1. Projected Gradient Descent

\[\begin{align} y_{t+1} &= x_t-\gamma \nabla f(x_t)\\ x_{t+1} &= \prod_X(y_{t+1}) = \arg\min_{x}||x-y_{t+1}||^2 \end{align} \]

\({\large \textbf{Theorem 3.1}:} X \text{ be closed and convex}\)

\[\begin{align} &(i) (x-\prod_X(y))^T(y-\prod_X(y))\leq 0\\ &(ii)||x-\prod_X(y)||^2+||y-\prod_X(y)||^2\leq ||x-y||^2 \end{align} \]

2. Bounded gradients: \(O(1/\epsilon^2)\) steps

\({\large \textbf{Theorem 3.2}:} f:dom(f)\rightarrow\mathbb{R}\text{ be convex and differentiable, }X\in dom(f) \text{ be convex and closed. }x^*\text{ is the minimizer. Suppose }||x_0-x^*||^2\leq R, ||\nabla f(x)||\leq B \text{ for all }x\in X.\text{ Choosing the stepsize:}\)

\[\begin{align} \gamma = \frac{R}{B\sqrt{T}} \end{align} \]

\(\text{Projected gradient descent yields:}\)

\[\frac{1}{T}\sum_{t=0}^{T-1}(f(x_t)-f(x^*))\leq \frac{RB}{\sqrt{T}} \]

\(\large\textbf{Proof:}\)
\(\text{From }(1) \text{ and previous vanilla analysis:}\)

\[\begin{align} g_t^T(x_t-x^*)&=\frac{1}{2\gamma}[\gamma^2||g_t||^2+||x_t-x^*||^2-||y_{t+1}-x^*||^2] \end{align} \]
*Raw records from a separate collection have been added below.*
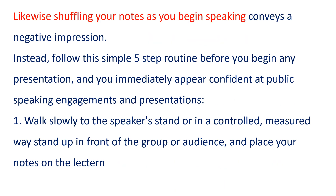Likewise, shuffling your notes as you begin speaking conveys a negative impression. Instead, follow this simple five-step routine before you begin any presentation, and you immediately appear confident at public speaking engagements and presentations. One,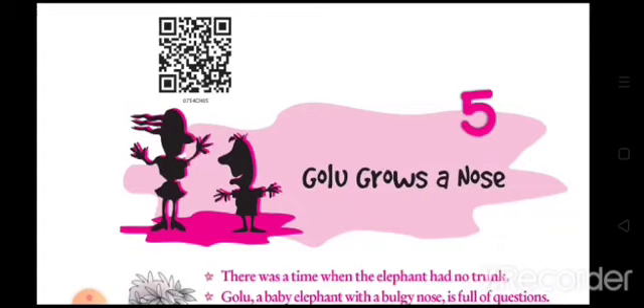The story is also very interesting and totally fictional, defying the principles of science. It revolves around a baby elephant named Golu who had a bulgy nose and no trunk at all. Golu represents the entire elephant species who had no trunk but only a bulgy nose according to Kipling. Later on, due to his curiosity, Golu confronts a crocodile and finally draws out his trunk — and with it, the trunk of the entire species — long, long ago.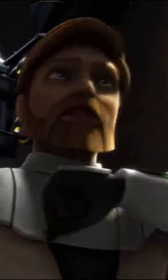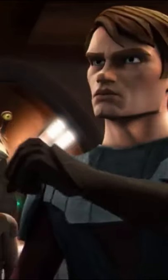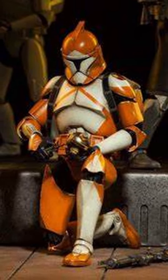Besides deactivating bombs, Bomb Squad members would also safeguard stores of disabled bombs in hostile conditions, such as during the middle of a battle. Bomb Squad Troopers wore Phase 1 Clone Trooper armor, customized with orange markings and insignia on the left shoulder to signify the bomb disposal role.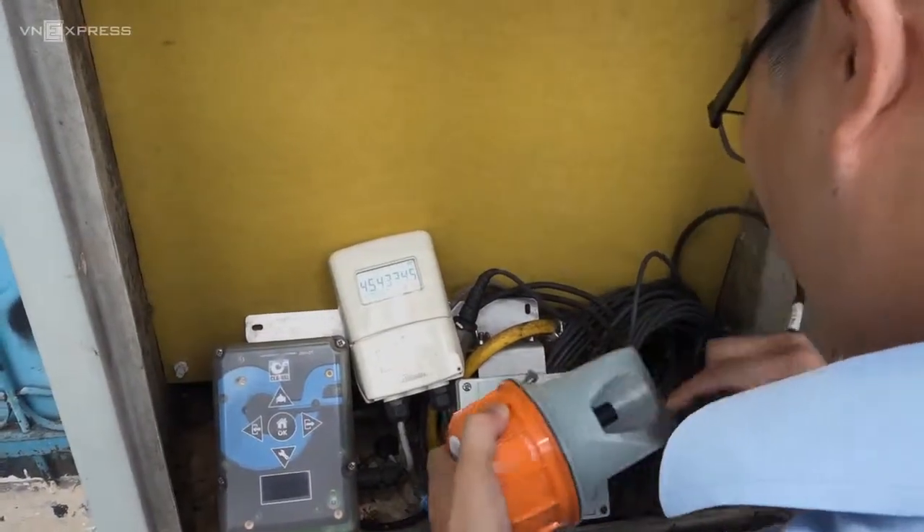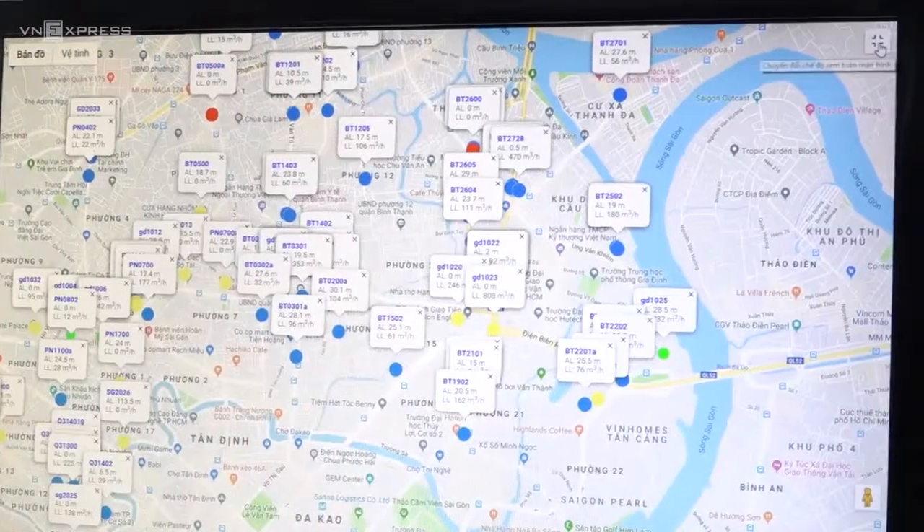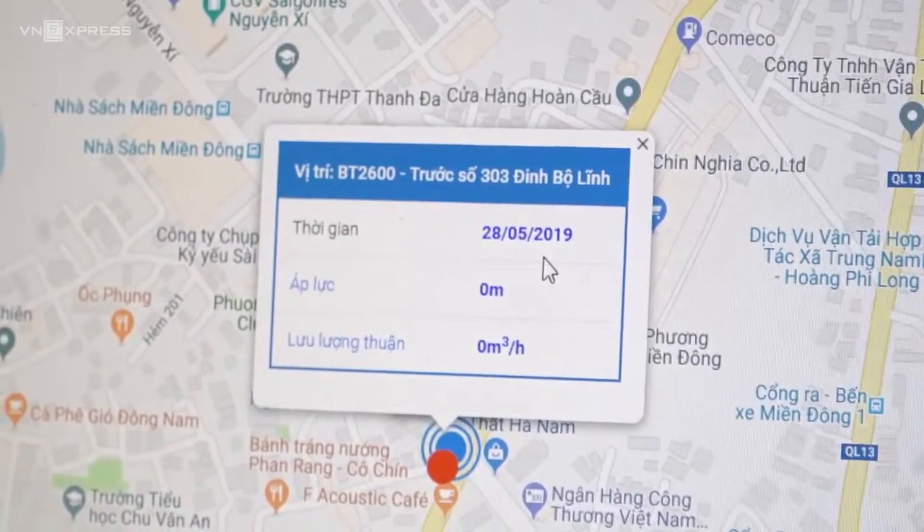The Xcada system, introduced in 2016 and 2018, has two small parts. The first is the data logger, located outside. The second is the software from the company. When work is done on the new site, the logger will change status, and from that we will be able to monitor the system.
\(\text{From (4): let }x=x^*,y=y_{t+1}\)

\[\begin{align} ||x^*-\prod_X(y_{t+1})||^2+||y_{t+1}-\prod_X(y_{t+1})||^2\leq ||x^*-y_{t+1}||^2 \end{align} \]

\(\text{i.e.}\)

\[\begin{align} ||x^*-x_{t+1}||^2+||y_{t+1}-x_{t+1}||^2\leq ||x^*-y_{t+1}||^2 \end{align} \]

\(\text{Then we drop the second term:}\)

\[\begin{align} ||x^*-x_{t+1}||^2\leq ||x^*-y_{t+1}||^2 \end{align} \]
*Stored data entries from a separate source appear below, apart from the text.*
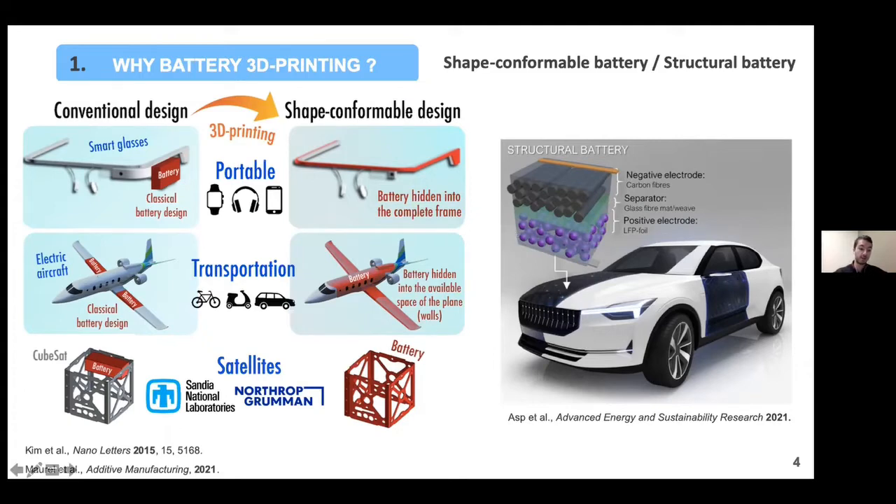This can be transposed to many other applications for portable devices and transportation. For example, the battery could be hidden within the walls of a plane, or within the wall frame of an electric car. Right now, one of the projects at the University of Texas at El Paso involves collaborating with Sandia National Lab and Northrop Grumman, who build satellites, to 3D print shape-conformable batteries within the frame of a CubeSat — a very small satellite, about 10 cm × 10 cm × 10 cm.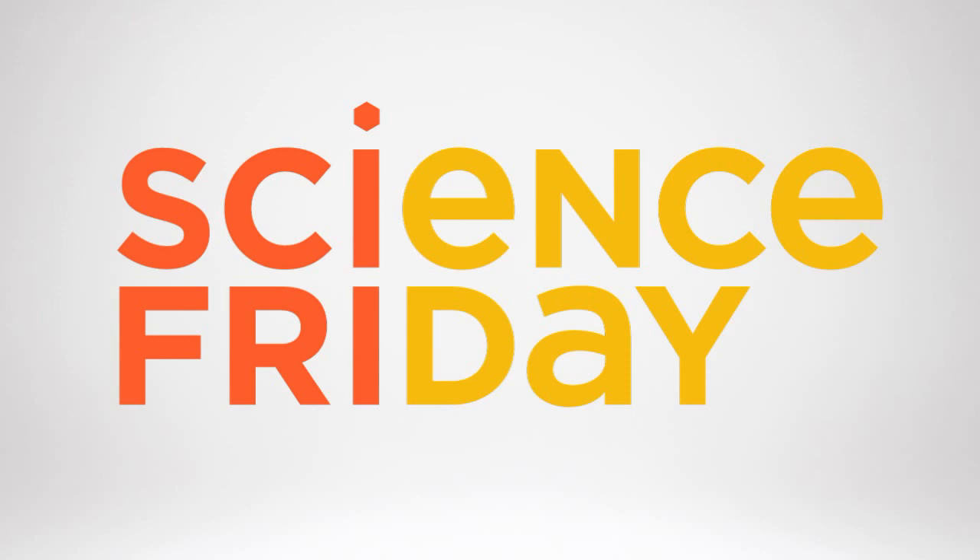That's a voice memo, your name, city, and what the top story is. Email it to voices at sciencefriday.com. This is Science Friday. I'm Ira Flato.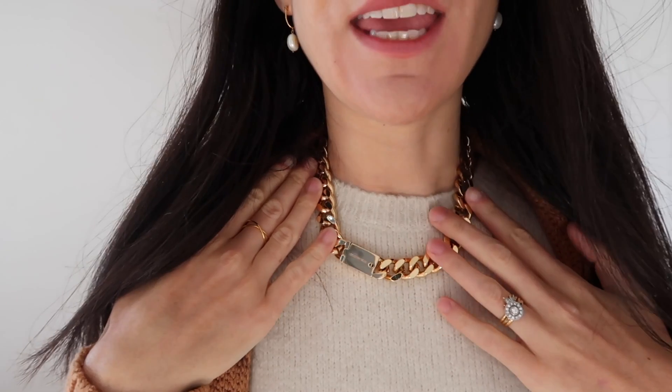Earrings today are my Mejuri pearl ones — I've had them for a while. Not sure if they're still available but I'll link to my edit below which gives you a discount. My ring is from Linnia, which I'm sure you've seen me wear before, and I also have a discount code for them. My necklace is a super chunky chain from Country Road, which I purchased when updating my wardrobe for autumn/winter. I really love the weight it adds around my neckline after years of wearing very minimal jewellery.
\(\text{Hence we get from (6):}\)

\[\begin{align} g_t^T(x_t-x^*)&=\frac{1}{2\gamma}[\gamma^2||g_t||^2+||x_t-x^*||^2-||y_{t+1}-x^*||^2]\\ &\leq \frac{1}{2\gamma}[\gamma^2||g_t||^2+||y_t-x^*||^2-||y_{t+1}-x^*||^2] \end{align} \]

\(\text{From convexity: }f(x^*)\geq f(x_t)+g_t^T(x^*-x_t),\text{ hence:}\)

\[\begin{align} f(x_t)-f(x^*)&\leq g_t^T(x_t-x^*)\\ &\leq \frac{1}{2\gamma}[\gamma^2||g_t||^2+||y_t-x^*||^2-||y_{t+1}-x^*||^2] \end{align} \]

\(\text{Finally:}\)

\[\begin{align} \frac{1}{T}\sum_{t=0}^{T-1}[f(x_t)-f(x^*)]&\leq \frac{\gamma}{2}\sum_{t=0}^{T-1}||g_t||^2+\frac{1}{2\gamma}[||y_0-x^*||^2-||y_T-x^*||^2]\\ &\leq \frac{\gamma}{2}TB^2+\frac{1}{2\gamma}R^2 \end{align} \]

3. Smooth convex functions: \(O(1/\epsilon)\) steps

\({\large \textbf{Lemma 3.3}: } f:dom(f)\rightarrow \mathbb{R}\text{ be differentiable and smooth with }L.\text{ Choosing stepsize: }\gamma = \frac{1}{L}\)
\(\text{Projected gradient descent satisfies:}\)

\[\begin{align} f(x_{t+1})\leq f(x_t)-\frac{1}{2L}||g_t||^2+\frac{L}{2}||y_{t+1}-x_{t+1}||^2 \end{align} \]

\(\large\textbf{Proof:}\)
\(\text{From smoothness:}\)

\[\begin{align} f(x_{t+1})&\leq f(x_t)+g_t^T(x_{t+1}-x_{t})+\frac{L}{2}||x_t-x_{t+1}||^2\\ &= f(x_t)-\frac{1}{2L}||g_t||^2-\frac{L}{2}(||x_{t}-x_{t+1}||^2-||y_{t+1}-x_{t+1}||^2)+\frac{L}{2}||x_t-x_{t+1}||^2\\ &\leq f(x_t)-\frac{1}{2L}||g_t||^2+\frac{L}{2}||y_{t+1}-x_{t+1}||^2 \end{align} \]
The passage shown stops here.